Book of Mormon: hell of a play in a hell of a town

When you get sidetracked from journal keeping (or blogging, if you prefer) for more than a few days, I’ve found it gets really easy to lose track of what you were going to write next. If you’re anything like me, however, while your fingers are idle from the keyboard, your mind is still going 90 mph. When there’s not enough time sometimes to sit down and write, I have 3 or 4 ideas for new postings all at once. Where to start?! So today I’ll finish up “our week of living in New York as though we really lived there.” The highlight of the trip turned out to be not only having real face-time with our Pittsburgh friend who took the Amtrak to join us a few days, but going to our first play on Broadway. And what a play it was!

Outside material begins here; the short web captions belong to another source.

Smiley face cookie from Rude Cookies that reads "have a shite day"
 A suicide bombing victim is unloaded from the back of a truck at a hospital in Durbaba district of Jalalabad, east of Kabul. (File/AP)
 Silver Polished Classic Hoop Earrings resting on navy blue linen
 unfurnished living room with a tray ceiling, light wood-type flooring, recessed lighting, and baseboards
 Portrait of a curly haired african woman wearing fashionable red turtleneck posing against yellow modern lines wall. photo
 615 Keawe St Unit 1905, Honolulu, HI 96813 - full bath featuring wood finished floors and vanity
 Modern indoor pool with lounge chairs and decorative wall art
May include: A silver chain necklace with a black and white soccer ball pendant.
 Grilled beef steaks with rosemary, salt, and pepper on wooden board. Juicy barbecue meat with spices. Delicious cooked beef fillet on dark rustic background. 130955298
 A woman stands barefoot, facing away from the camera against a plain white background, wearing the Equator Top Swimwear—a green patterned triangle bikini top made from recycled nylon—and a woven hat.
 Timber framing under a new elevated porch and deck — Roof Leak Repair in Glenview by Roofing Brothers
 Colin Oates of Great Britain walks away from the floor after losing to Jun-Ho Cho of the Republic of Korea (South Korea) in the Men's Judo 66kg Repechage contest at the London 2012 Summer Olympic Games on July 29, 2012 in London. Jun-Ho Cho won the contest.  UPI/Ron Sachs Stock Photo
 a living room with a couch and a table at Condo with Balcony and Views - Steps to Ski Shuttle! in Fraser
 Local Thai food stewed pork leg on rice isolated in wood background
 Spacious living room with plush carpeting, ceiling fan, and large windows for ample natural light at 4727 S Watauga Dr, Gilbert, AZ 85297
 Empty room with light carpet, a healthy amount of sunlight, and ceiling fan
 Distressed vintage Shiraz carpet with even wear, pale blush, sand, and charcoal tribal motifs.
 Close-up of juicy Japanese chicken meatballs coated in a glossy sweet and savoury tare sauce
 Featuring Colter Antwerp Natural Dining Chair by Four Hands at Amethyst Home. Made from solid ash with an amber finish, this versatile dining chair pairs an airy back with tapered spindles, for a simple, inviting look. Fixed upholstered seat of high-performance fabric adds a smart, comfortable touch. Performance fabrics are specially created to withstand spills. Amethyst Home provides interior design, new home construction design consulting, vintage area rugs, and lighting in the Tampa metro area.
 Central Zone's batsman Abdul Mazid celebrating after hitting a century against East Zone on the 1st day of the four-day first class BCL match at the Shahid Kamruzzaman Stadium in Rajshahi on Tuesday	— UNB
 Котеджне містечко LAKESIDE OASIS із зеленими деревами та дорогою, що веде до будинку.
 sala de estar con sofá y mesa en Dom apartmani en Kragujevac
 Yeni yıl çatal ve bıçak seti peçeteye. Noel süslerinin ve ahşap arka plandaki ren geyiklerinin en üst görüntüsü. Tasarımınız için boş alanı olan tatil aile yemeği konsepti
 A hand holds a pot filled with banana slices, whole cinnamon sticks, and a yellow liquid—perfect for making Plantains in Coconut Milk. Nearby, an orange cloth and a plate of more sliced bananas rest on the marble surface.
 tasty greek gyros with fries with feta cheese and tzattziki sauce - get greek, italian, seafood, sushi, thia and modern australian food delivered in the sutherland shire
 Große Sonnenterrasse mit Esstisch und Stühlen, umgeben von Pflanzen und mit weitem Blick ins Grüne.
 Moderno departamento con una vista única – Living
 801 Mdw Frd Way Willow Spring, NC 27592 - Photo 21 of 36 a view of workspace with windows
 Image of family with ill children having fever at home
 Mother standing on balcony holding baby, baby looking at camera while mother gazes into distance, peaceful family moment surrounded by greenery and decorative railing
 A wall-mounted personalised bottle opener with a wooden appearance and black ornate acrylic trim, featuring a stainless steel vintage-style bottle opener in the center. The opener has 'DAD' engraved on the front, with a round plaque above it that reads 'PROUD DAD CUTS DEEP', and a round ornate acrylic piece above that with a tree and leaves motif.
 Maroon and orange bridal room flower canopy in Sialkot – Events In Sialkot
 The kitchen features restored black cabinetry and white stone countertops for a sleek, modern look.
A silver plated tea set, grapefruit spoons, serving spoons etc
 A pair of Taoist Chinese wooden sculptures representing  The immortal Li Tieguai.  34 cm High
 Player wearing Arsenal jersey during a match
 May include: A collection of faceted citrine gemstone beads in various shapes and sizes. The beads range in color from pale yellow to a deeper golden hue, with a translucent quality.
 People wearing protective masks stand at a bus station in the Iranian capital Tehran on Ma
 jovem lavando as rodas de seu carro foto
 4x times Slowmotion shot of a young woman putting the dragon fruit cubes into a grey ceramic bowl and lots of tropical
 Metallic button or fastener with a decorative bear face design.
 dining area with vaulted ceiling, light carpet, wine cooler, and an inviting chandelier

Being from Utah where about 60% of the current population are members of the Latter Day Saints (Mormon), of course we were curious about all the hoopla surrounding Book Of Mormon. broadway book of mormonFrom the reaction of the people in the audience near me, there’s no wonder why they sell out so often–even after running more than two years. Book of Mormon is all the things you’ve no doubt heard already:  subversive, offensive, and, well–okay–at times inappropriate. Yes, it’s all those things, but much much more. I can sum it up in one word: Hilarious! I was laughing so hard throughout the whole two hours and 30 minutes that the rest of the world and its problems fell away. That said, the coarser aspects–the jokes about female circumcision, and sex with babies as “nature’s remedy for healing HIV,” gave me pause, and make Ugandans look pretty stupid, and I wonder how an African visitor to this country might react. In spite of my own rather bawdy sense of humor, several times my better nature stood aside to ask my baser self, “Why are you laughing?!” I’m happy to say that by the end of the play, I felt the Ugandans came out okay after all. By then they had vindicated themselves by revealing their intelligence in the  staging of a musical production for the benefit of visiting Church Elders. Not only did they understand the metaphoric content they took from Missionary Cunningham’s version (he was cornered into making up stories his own since he’d never actually read the Book of Mormon himself) but that they were perfectly able to take the best from those, and other influences from the west seeking to influence them, and improve themselves. The message I took from that–indeed there’s a line in the play that says it–it doesn’t matter where the stories came from. What does matter is the good that can come from that message. Lastly, I confess to something many of you who know me well may already have guessed, and I do this at the risk of giving some of the plot away. I love it when one of the insecure, overweight (read unacceptable as one of the “cool” people), nerds of the world turn out to be the real heroes. I confess that I (almost) fell in love with Arnold.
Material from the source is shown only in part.